Even though anonymous, the censorship and informational repression of senior state authorities against the citizens of Bulgaria have resulted particularly effectively in the state of journalism itself. And it is not a question of self-censorship mechanisms which now are more stronger than in the time of totalitarianism because they are motivated by the fear not of ideological but of economic repression. But the worse thing is that this seemingly Fourth Power becomes weaker and weaker, without any will of its own.

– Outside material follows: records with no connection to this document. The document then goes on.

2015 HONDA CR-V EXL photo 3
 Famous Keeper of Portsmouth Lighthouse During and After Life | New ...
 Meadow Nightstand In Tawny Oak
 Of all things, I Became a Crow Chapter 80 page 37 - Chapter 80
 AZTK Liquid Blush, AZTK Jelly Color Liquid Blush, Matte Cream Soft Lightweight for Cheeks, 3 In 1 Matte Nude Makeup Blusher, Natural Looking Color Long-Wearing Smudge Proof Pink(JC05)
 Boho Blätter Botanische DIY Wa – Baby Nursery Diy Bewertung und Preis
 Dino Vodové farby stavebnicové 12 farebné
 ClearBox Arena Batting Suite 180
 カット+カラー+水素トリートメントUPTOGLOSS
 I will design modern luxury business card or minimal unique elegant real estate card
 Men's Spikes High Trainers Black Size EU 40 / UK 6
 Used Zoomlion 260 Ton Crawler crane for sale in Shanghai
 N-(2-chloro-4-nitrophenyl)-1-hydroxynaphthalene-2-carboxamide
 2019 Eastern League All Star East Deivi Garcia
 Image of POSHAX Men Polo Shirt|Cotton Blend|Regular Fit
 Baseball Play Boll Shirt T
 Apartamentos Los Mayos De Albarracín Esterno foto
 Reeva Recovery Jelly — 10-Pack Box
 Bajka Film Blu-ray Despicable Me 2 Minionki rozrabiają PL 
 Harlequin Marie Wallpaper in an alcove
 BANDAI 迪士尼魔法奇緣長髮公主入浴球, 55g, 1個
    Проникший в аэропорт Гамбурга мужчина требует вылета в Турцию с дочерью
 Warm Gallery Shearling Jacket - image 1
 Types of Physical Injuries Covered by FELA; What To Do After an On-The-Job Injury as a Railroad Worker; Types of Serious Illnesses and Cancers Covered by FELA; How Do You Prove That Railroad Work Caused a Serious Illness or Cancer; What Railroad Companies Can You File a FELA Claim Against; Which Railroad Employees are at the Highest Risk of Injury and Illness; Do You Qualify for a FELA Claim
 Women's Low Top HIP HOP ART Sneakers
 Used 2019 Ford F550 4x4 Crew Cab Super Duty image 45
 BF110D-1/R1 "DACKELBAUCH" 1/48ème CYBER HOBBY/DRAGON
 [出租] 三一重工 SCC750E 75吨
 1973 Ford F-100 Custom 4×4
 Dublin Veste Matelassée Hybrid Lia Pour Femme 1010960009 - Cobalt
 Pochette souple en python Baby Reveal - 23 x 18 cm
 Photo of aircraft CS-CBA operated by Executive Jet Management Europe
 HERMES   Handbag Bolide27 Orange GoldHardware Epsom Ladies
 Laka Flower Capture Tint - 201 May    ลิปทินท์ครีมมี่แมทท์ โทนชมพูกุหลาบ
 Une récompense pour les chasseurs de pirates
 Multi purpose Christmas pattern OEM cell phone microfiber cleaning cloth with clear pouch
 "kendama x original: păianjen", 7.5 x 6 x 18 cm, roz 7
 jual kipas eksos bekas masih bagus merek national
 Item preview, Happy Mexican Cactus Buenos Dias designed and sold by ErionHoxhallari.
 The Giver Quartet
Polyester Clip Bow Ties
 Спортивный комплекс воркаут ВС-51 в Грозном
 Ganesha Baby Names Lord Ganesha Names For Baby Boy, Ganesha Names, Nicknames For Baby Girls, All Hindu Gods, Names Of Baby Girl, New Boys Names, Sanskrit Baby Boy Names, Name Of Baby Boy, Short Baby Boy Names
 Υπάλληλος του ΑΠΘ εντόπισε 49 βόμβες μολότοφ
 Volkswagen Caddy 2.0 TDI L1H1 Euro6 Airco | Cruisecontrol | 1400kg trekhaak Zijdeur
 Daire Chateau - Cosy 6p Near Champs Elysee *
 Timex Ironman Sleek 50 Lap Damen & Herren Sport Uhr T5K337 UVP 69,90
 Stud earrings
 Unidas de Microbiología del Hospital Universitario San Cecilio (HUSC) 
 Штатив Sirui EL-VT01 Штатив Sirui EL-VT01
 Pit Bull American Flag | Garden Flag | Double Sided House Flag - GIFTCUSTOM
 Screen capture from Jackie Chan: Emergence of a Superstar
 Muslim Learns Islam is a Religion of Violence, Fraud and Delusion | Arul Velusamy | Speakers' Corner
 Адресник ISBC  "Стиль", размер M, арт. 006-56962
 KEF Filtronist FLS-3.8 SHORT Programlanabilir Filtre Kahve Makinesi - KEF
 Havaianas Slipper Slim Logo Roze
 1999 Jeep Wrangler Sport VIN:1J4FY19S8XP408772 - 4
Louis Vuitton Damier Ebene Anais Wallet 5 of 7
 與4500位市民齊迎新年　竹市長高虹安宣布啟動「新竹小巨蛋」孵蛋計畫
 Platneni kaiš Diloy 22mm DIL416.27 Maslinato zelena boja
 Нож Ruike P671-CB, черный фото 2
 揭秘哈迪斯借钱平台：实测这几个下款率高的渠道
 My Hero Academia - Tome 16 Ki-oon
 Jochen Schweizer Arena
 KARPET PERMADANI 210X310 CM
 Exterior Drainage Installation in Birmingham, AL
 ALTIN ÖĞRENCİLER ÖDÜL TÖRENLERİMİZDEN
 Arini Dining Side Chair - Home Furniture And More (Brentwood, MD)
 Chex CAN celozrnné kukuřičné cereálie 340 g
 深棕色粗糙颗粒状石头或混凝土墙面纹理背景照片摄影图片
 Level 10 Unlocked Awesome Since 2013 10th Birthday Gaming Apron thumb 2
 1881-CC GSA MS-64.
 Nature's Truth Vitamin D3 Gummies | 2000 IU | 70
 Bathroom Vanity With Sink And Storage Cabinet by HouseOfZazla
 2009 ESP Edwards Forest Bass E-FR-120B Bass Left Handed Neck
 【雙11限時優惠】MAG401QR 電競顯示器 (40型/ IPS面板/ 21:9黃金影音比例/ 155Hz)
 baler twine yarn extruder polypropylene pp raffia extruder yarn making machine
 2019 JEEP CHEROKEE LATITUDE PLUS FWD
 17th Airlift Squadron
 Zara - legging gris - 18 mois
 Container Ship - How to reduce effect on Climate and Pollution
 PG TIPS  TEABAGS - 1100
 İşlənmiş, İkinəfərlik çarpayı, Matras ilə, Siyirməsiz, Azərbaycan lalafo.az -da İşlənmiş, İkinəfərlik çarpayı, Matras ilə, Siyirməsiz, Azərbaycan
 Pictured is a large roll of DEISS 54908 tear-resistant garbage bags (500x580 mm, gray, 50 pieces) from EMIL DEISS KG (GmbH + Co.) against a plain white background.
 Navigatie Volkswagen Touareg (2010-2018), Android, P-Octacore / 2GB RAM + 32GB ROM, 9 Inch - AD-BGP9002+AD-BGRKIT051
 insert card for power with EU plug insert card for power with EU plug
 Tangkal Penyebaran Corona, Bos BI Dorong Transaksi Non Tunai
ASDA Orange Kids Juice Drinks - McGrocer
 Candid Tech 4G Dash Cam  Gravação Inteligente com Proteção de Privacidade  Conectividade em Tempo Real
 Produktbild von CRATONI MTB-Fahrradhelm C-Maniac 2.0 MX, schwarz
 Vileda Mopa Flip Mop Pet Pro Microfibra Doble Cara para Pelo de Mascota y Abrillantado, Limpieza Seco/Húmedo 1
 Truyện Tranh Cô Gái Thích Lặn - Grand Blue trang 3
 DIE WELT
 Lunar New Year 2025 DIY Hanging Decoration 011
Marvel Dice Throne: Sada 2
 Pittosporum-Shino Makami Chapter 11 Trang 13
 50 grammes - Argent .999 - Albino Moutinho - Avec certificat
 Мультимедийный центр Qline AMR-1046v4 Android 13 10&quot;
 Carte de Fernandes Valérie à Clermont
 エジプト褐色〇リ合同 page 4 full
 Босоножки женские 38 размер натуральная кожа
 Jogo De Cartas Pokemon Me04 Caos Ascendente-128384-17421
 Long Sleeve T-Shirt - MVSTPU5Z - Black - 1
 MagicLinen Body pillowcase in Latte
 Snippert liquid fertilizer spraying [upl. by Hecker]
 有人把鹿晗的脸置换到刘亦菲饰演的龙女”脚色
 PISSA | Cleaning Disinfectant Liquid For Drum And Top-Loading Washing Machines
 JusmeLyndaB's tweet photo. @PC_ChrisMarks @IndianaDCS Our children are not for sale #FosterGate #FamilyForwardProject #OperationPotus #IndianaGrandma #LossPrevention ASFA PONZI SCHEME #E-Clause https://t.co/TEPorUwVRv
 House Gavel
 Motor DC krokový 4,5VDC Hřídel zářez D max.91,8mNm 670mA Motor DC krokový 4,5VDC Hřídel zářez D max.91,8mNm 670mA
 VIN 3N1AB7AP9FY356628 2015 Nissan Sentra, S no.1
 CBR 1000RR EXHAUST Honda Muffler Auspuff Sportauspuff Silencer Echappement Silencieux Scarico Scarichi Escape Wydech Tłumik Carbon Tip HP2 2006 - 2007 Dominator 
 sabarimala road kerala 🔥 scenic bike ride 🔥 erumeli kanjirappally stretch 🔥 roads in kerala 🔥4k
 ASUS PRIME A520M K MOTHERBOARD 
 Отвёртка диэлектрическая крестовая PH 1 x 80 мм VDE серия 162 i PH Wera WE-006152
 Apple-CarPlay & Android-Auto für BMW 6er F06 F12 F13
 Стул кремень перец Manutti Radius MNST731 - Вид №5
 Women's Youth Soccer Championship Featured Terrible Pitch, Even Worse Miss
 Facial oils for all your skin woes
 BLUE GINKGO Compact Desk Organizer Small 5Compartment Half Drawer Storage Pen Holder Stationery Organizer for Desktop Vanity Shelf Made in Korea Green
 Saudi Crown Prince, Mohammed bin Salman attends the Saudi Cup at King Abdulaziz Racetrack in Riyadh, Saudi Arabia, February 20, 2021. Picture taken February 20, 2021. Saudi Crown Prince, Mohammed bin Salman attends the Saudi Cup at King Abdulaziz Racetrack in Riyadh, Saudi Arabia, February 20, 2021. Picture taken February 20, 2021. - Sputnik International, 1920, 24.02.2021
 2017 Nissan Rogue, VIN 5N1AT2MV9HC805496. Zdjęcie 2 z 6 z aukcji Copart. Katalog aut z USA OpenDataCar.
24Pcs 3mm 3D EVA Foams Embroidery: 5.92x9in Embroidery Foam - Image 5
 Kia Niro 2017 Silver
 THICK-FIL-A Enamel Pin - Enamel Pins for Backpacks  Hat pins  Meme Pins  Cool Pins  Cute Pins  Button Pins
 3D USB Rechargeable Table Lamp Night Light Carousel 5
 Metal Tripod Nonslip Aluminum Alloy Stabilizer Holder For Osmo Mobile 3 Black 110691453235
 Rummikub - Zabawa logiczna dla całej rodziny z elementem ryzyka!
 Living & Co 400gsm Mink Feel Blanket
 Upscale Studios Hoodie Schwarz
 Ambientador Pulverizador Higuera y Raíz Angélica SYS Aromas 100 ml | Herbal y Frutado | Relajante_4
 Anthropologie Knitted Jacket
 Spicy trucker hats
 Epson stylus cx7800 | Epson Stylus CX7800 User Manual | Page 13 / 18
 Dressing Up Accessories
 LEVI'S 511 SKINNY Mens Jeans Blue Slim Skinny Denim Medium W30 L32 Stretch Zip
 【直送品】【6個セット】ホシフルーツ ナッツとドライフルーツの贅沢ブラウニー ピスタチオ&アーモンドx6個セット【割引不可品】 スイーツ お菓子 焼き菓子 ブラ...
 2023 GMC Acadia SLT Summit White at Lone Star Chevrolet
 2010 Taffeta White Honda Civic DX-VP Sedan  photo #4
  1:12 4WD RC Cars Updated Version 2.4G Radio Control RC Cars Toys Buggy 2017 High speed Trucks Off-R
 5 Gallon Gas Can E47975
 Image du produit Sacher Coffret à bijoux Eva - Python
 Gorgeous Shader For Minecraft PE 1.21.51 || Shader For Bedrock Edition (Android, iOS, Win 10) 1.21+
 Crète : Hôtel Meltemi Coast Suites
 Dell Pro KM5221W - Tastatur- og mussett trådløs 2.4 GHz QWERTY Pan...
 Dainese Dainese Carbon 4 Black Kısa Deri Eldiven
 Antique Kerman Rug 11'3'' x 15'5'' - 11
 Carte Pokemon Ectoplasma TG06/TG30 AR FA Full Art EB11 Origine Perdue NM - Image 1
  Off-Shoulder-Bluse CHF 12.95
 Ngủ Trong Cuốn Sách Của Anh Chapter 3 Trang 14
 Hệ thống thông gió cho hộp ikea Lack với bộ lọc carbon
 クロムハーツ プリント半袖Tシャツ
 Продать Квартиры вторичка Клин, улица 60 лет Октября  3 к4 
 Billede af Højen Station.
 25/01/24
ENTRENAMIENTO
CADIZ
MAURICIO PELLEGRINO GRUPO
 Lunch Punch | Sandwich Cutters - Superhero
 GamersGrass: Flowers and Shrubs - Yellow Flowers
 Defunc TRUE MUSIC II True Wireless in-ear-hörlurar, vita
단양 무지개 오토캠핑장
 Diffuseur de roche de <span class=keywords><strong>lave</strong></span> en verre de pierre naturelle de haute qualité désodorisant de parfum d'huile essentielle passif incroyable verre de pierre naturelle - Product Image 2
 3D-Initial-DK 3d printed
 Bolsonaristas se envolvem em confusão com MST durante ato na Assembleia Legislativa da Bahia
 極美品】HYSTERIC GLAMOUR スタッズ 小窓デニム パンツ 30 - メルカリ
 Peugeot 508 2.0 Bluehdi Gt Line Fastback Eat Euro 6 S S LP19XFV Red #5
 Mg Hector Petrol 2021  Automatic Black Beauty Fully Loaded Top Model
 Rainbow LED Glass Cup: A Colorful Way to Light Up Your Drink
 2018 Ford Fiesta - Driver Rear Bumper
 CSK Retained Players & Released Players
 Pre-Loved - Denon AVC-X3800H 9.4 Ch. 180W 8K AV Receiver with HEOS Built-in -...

It cannot be denied that the press and the electronic media environment have seen the return of fashionable life recording, forgotten for half a century, that there are a few attempts at investigative journalism and that all comprehensive editions and programmes pay due attention to the political commentary. And yet, there is something false and superficial about this seemingly beautiful facade. The recording of fashionable life is very often reduced to the reportages of vulgar parvenu wealth, not to mention the unwholesome taste for uncovering aspects of strictly intimate human relations by means of gossip and intrigue. Journalist investigations, if any, base their suppositions on dubious connections or on ready-made materials provided by different institutions. Behind the journalistic commentary one can find ideas suggested by politicians and the space of commentary is filled more and more often by politicians themselves, while the journalists are left with the role of interviewers who simply ask questions talked over in advance.
On top of this, intelligence and professionalism, which on the whole are in shortage, are becoming more and more politicised and extremely one-sided. If we take for example radio and television, we shall see that the people there have forgot about the existence of Provisional Status for regulation of their activity which is supposed, on paper at least, to give equality to political tendencies and opinions which are broadcast.
Lately, for almost a year, the two electronic media are going increasingly to the left and are coloured more and more in red. This is evident by the selection and arrangement of the news and by structural reforms which make room for new very biased broadcasts, like "Observer", and by the inner repression carried out in the two institutions to the taste of the socialistic part of the political spectrum."